Nuestra vida es algo así. Podemos intentar segundas partes que nada tienen que ver con la primera y están abocadas al fracaso. Pero por mucho tiempo que pase, cuando una continuación retoma todo lo bueno del punto inicial, ahí tenemos una buena historia. Tan sólo hay que esperar al punto justo de maduración de sus actores protagonistas, que sientan la necesidad de afrontar el proyecto de nuevo. La película se acabará dirigiendo sola.

Weinachten

Yo se lo explico, significa «navidad» en alemán. Creo que lo conjugaré un tanto este próximo diciembre, porque entre los planes posibles están una huída a la nieve germana para las Campanadas. Estoy viendo los precios de las mantas, por si fuera procedente liarme una a la cabeza y escaparme seis días. Así, de buenas. Berlin, Munich y Barcelona. Todo, con mucha música, y previsiblemente mucho frío. Pero ya me ve, señora, venciendo mis más firmes temores con tal de conocer mundo y vibrar desde una butaca de galería. Llámeme frívolo, llámeme inconsciente por andar pensando en gastar dinero tal y como está la economía. No le quitaré la razón del todo. No soporto este estado depresivo en el que nos estamos instalando todos, este sumidero por el que parece que nos deslizamos lenta e irremediablemente y que conduce al caos. Son tiempos de hormigas tras la extinción de las cigarras. Uno es más bien escarabajo, con su propia rutina y métodos. Abonado a la justificación de su propia conciencia, se acaba defendiendo cualquier decisión, por peregrino que sea el motivo. Y el que mejor he encontrado es que ante la improbabilidad de repetir el delicioso plan del año pasado, las alternativas pasan por la emigración y la música. No existe mejor menú posible, descontando el humo, claro está.

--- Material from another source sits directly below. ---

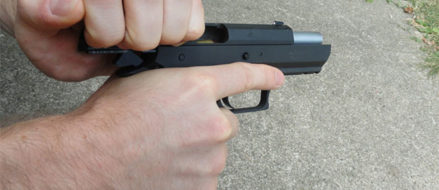 Power stroke: Skip the slide stop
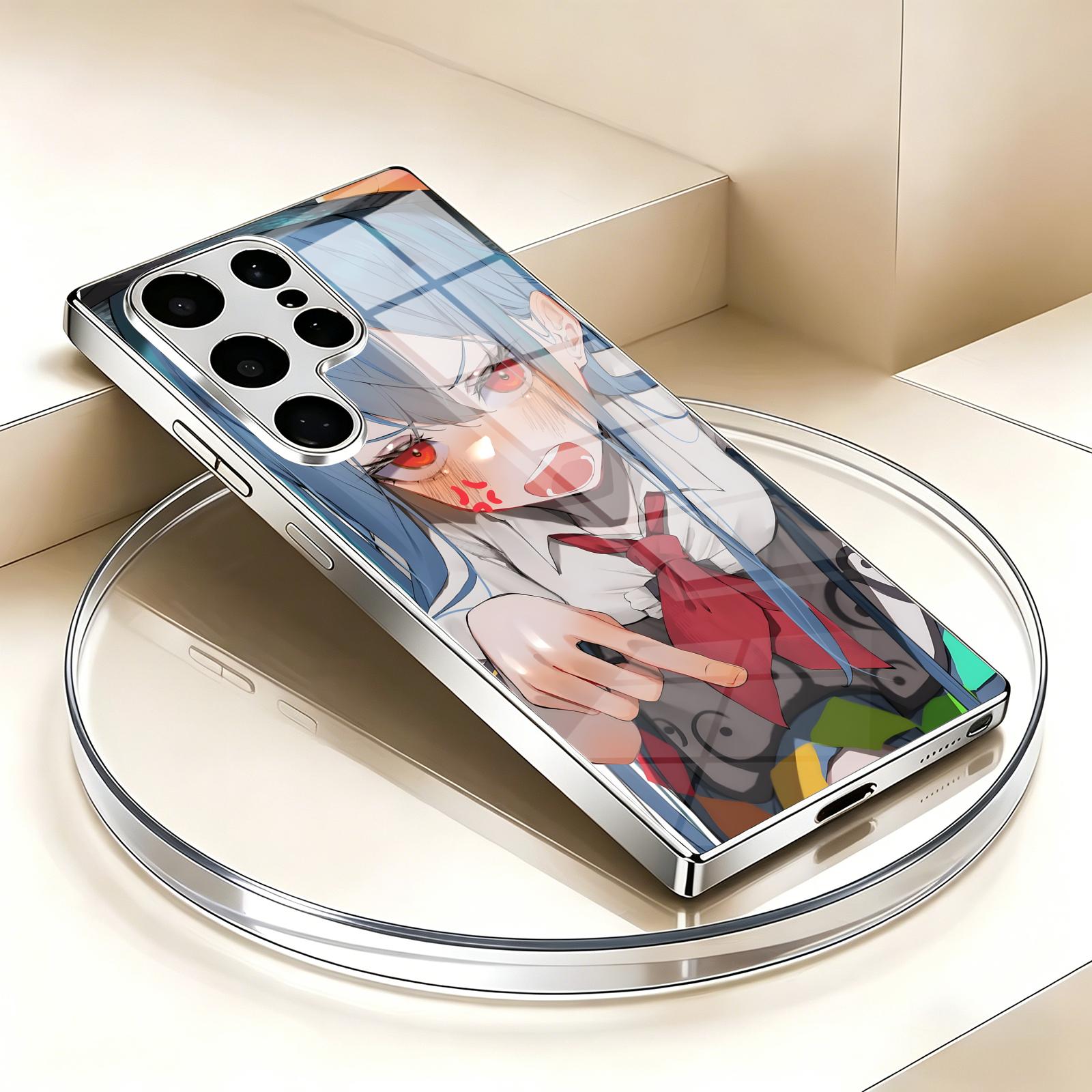 Coque de téléphone en verre ga - Phone Cases For Samsung avis et prix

¿Y qué es el humo? Buena pregunta. El humo es un estado de ánimo, es una forma de ser, es una voz dulce y una mirada cómplice. El humo es Beethoven y Tchaikovsky, pero también Haendel y Mozart. El humo es y no es. El humo es el todo y la nada. El humo es felices presencias y dolorosas ausencias. El humo es a lo que todos aspiramos en esta vida, a ser como queremos ser y no como los demás quieren que seamos. El humo es autenticidad frente a convencionalismo. El humo es primera persona antes que tercera. El humo es adictivo, pero quién sabe si dañino. Pero como buen humo, te rodea un minuto y con un simple soplo, desaparece.

¿Aclarada la duda?

Domingo

Atienda, señora. 10.43 de la mañana de un domingo, y un servidor lleva una hora despierto, sin resaca, habiendo dormido las 9 horas que le marca su reloj biológico. Y esto sienta bien. Por delante, cuatro horas hasta el momento del almuerzo para sumergirse en «Lohengrin», seguir mordiendo con fruición el último de los tres libros de Abercrombie que forman su trilogía de «La Primera Ley», y convalecer de mi reciente extracción molar. Qué agradables son las matinés dominicales. Y qué desconocidas, tras tantos años gastándolas entre alientos etílicos y quebrantos neuronales.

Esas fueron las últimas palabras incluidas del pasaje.